Ogólnie tym razem miałem dużo więcej stresu w stosunku do października, bo teraz zaczyna się pojawiać presja na wynik... Oczywiście nadal się dobrze bawię, ale w tym sporcie chodzi o to, żeby na kiju było więcej.
1. Rwanie
80 zaliczone, 85 zaliczone, 90 zaliczone (życiówka)
2. Podrzut
105 zaliczone, 112 zaliczone (życiówka) , 115 zaliczone (życiówka)
Razem: 205 kg (90/115), waga startowa 80 kg, punkty Sinclaira: 252,77
Poprzednio (październik) 190 kg(82/108), waga startowa 76,9 kg, punkty Sinclaira: 239.44
Ogólnie jak zawsze najfajniejsza była atmosfera- akurat teraz rywalizowałem z dwoma kolegami z klubu, którzy mieli podobną masę i wyniki (198,200) (pomijam rocznik ).
Co do samego miejsca, to teoretycznie byłem drugi, ale było tylko dwóch startujących w mojej kategorii . Od sponsora dostaliśmy torbę sportową i koszulki.
Rwanie- to samo co poprzednio, to jest im więcej kg na sztandze, tym mniej podsiadam... 90 poszło zupełnie jak rwanie na wysoko. Przynajmniej już mi się wyrobiło miejsce odbijania i dało radę robić bez ochraniaczy.

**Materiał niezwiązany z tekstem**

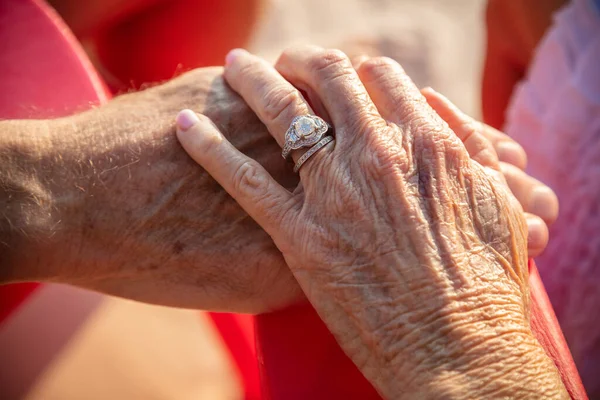 Wedding rings on linked hands of senior Caucasian American couple enjoying retirement together on tropical island beach Bahamas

Podrzut- góra fatalnie, wiem; sędzia mógłby mnie z czystym sumieniem uyebać, ale to nie były Mistrzostwa Polski, więc coś takiego przechodziło. Pod 112 nigdy nie pochodziłem, więc to była życiówka (w pełnym podrzucie). 115 też weszło, więc znowu życiówka (tu już było ciężko i pociągnęła mnie mocno do przodu, aż oderwałem pięty).
Oczywiście zaczynam też nabierać jakiegoś obycia, w stylu: zawody mogą trwać 3,5 h, lepiej wziąć jakieś carbo do bcaa (bo serio, po około 3 h od początku grzania się do rwania trochę słabo zacząłem się czuć) albo grzanie się w koszulce itp itd.